Research on variation between individual learners seeks to address the question: Why do some learners do better than others? A flurry of studies in the 1970s, often labelled the "good language learner studies", sought to identify the distinctive factors of successful learners. Although those studies are now widely regarded as simplistic, they did serve to identify a number of factors affecting language acquisition. More detailed research on many of these specific factors continues today.
Tests of language aptitude have proven extremely effective in predicting which learners will be successful in learning. However, considerable controversy remains about whether language aptitude is properly regarded as a unitary concept, an organic property of the brain, or as a complex of factors including motivation and short-term memory. Research has generally shown that language aptitude is quite distinct from general aptitude or intelligence, as measured by various tests, and is itself fairly consistently measurable by different tests.

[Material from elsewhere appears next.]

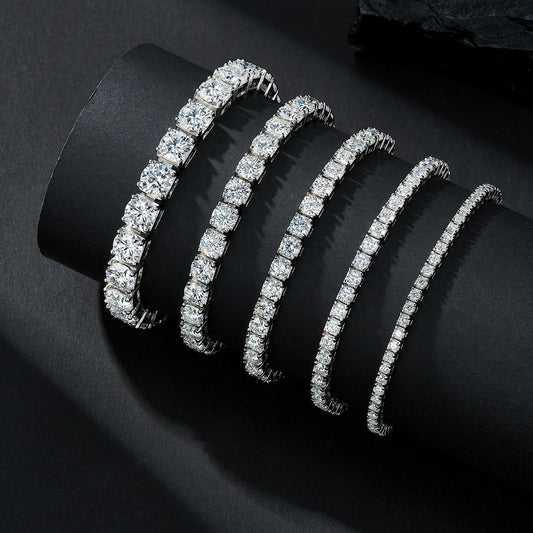 Tennis Bracelet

Language aptitude research is often criticized for being irrelevant to the problems of language learners, who must attempt to learn a language regardless of whether they are gifted for the task or not. This claim is reinforced by research findings that aptitude is largely unchangeable. In addition, traditional language aptitude measures such as the Modern Language Aptitude Test strongly favor decontextualized knowledge of the sort used in taking tests, rather than the sort used in conversation. For this reason little research is carried out on aptitude today. However, operators of selective language programs such as the United States Defense Language Institute continue to use language aptitude testing as part of applicant screening.
Main article: Critical Period Hypothesis
It is commonly believed that children are better suited to learn a second language than are adults. However, general second language research has failed to support the Critical Period Hypothesis in its strong form, which argues that full language acquisition is impossible beyond a certain age.